The Polish Supreme Court overturned an appeal court decision rejecting a lawsuit by a former Auschwitz German death camp prisoner against a German news website for the use of the term: ‘Polish death camp’. The appeal court is to review once again whether a Polish court could deal with disturbing cases that still occur worldwide.
The case for the new legal approach to history distortion was submitted to the court in 2017 when the regional Bavarian portal Mittelbayerische used the term ‘Polish camp’ on its pages about the Treblinka death camp. The president of the Association of Former Political Prisoners of Nazi Prisons and Concentration Camps, former Auschwitz prisoner Stanislaw Zalewski – now 99 years old – felt personally offended by the statement.
His lawyers have filed a lawsuit against the portal’s publisher on his behalf, demanding an apology and a contribution of PLN 50,000 to a social cause.

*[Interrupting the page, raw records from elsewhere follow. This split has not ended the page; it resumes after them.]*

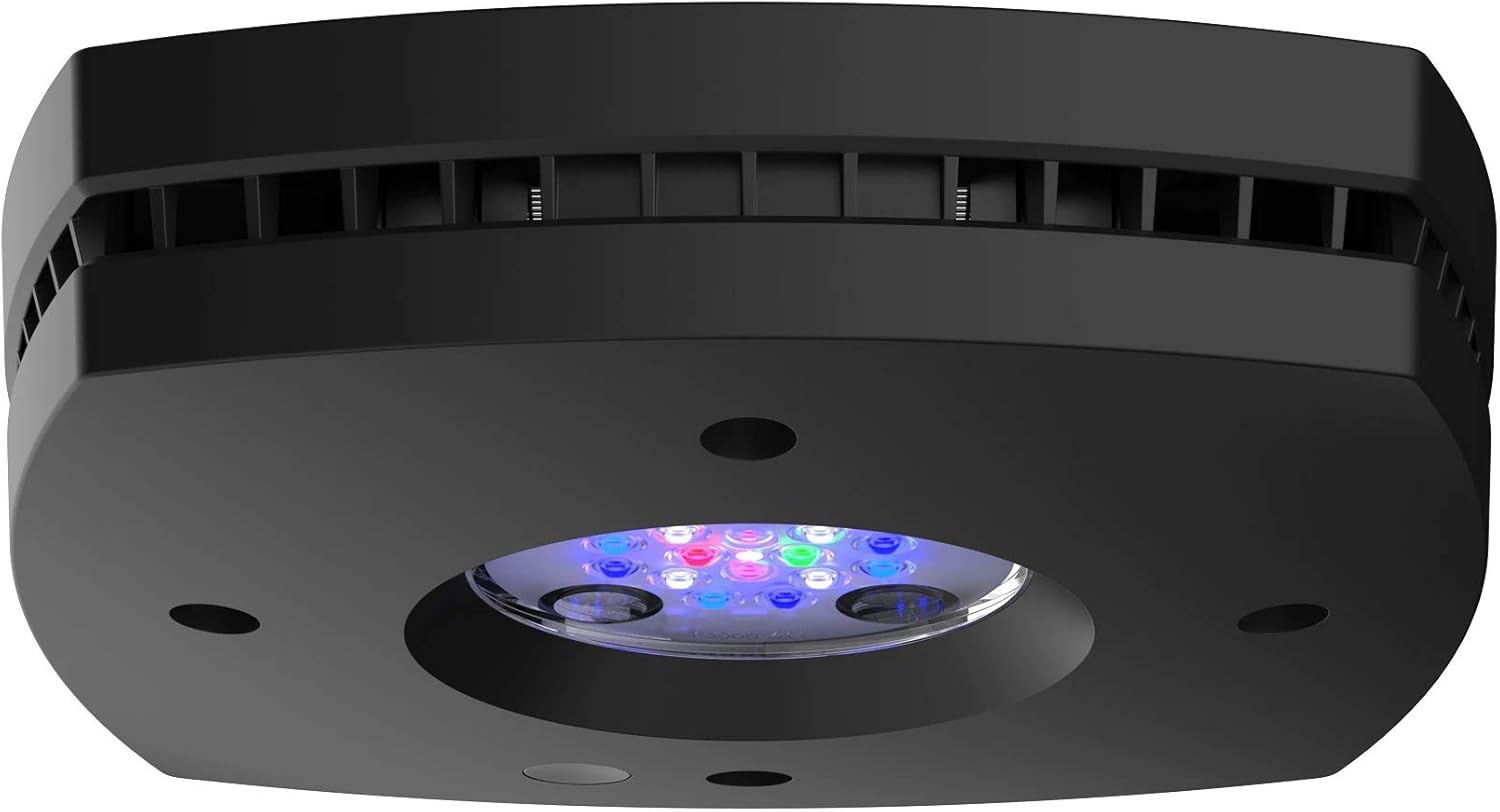 AquaIllumination AI Prime 16 HD Reef Aquarium LED (Black)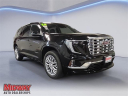 Thumbnail image of 2024 GMC Acadia at Midway Chevrolet Buick GMC Cadillac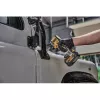 Smūginis suktuvas DeWALT DCF850NT, 3250 RPM, 1/4 colio griebtuvas, 900 g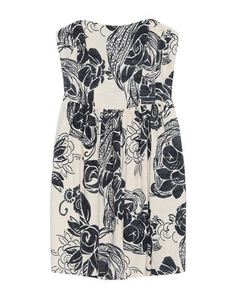 Короткое платье Jucca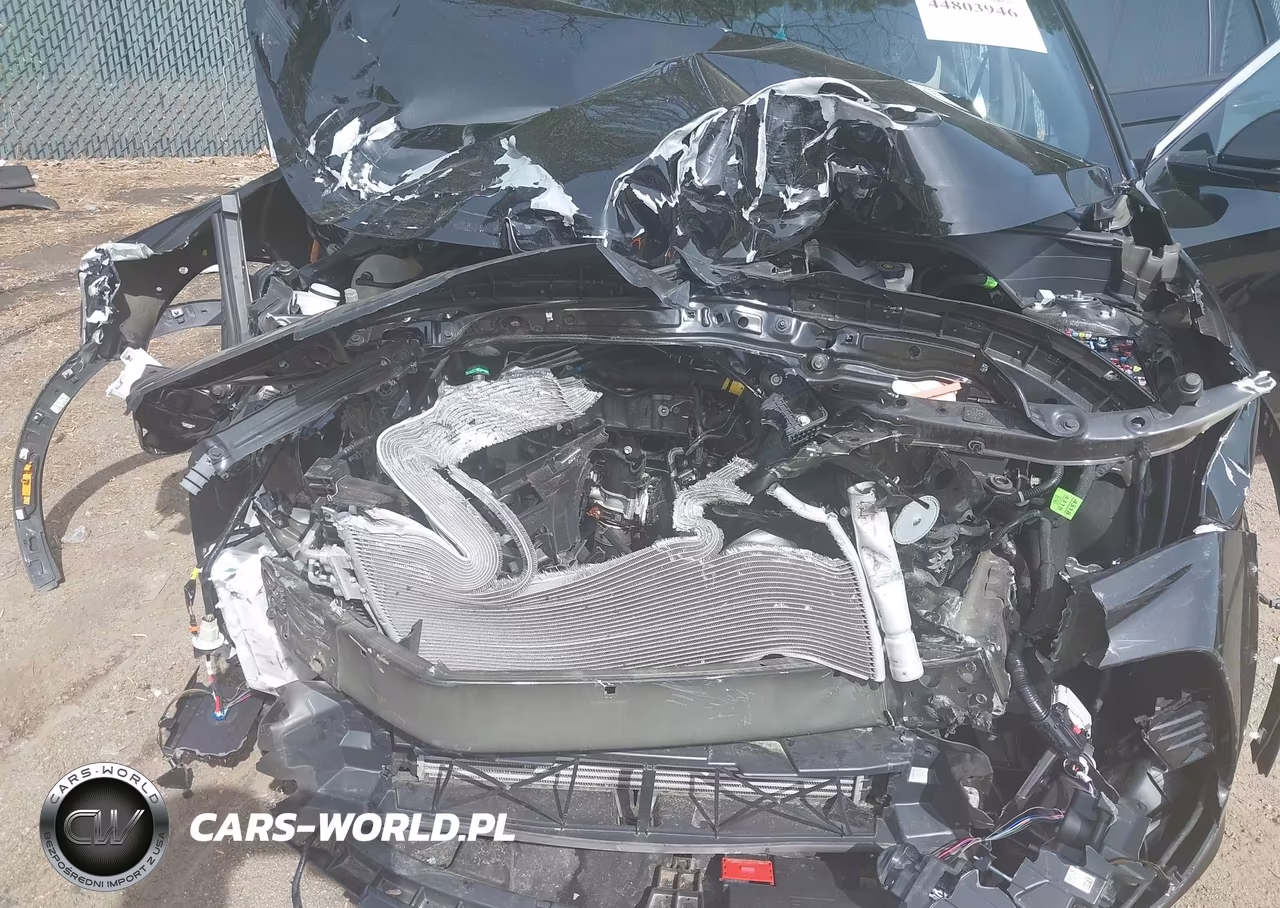 2024 Buick Envista Avenir Fwd VIN:KL47LCE25RB120244 - 6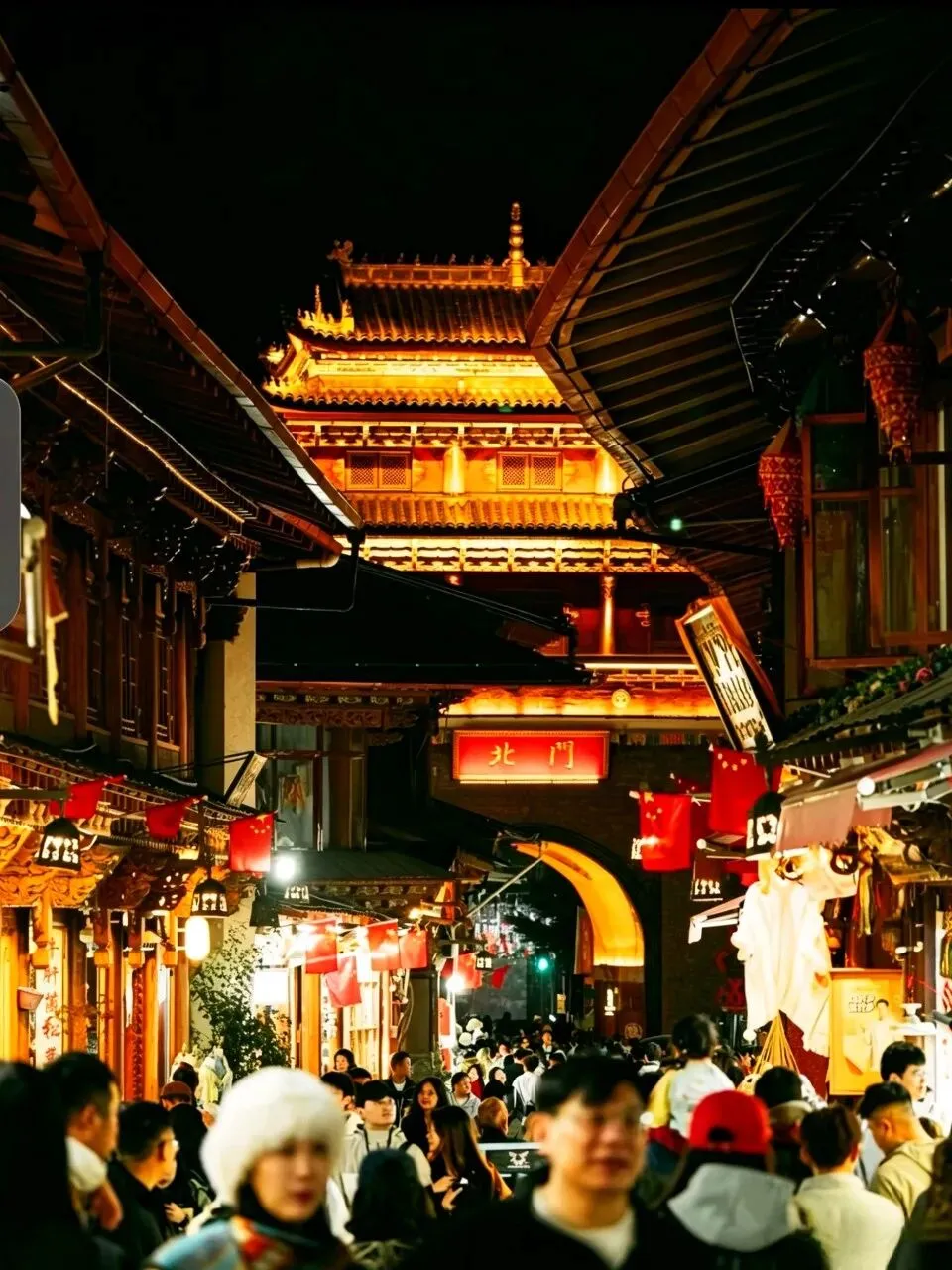 风拂经幡,雪落神山——完整版香格里拉旅行指南,收藏这趟雪域之旅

The German attorneys questioned the right of the Polish court to rule on the case. They pointed out that the trial should take place before the German judiciary. The Court of Appeal in Warsaw decided to send a preliminary question to the CJEU in this case.
The CJEU’s June 2021 ruling implied that a Polish citizen could not pursue a claim before Polish courts for the phrase ‘Polish camps’ in German media if he or she was not mentioned by name in the media.
Now the CJEU’s interpretation was partly questioned by the Polish Supreme Court.
The Polish Supreme Court pointed out that the CJEU’s ruling concerned the issue of the so-called ‘full jurisdiction’, ‘adjudicating on the entirety of the harm and damage suffered’, but did not exclude the consideration by a national court of the harm that the publication may have caused in that particular country.
Judge Roman Trzaskowski noted in the Supreme Court’s order that „there is no doubt the CJEU only addressed the so-called full jurisdiction.”
He pointed out that this did not exempt the appellate court from considering ex officio the possibility of jurisdiction relating to the part of the case concerning possible damage that occurred in Poland.
The controversy surrounding terms like „Polish death camps” stems from their potential to mislead audiences into believing that Poland, rather than Germany, was responsible for establishing and operating extermination camps on Polish soil.
Poland was occupied by Germany during World War II, and the camps were built and managed by the Germans without Polish collaboration.
The Polish government has long contended that such misrepresentations distort historical facts and unjustly implicate the Polish nation in German atrocities.
Supporters of the ruling assert that it is a necessary measure to combat historical inaccuracies and to defend Poland’s reputation on the international stage.
The British Poles always stand on the side of historical truth and keeps defending the good name of Poland. We have successfully intervened in many cases of intended and unintended distortions of history and will continue to do so.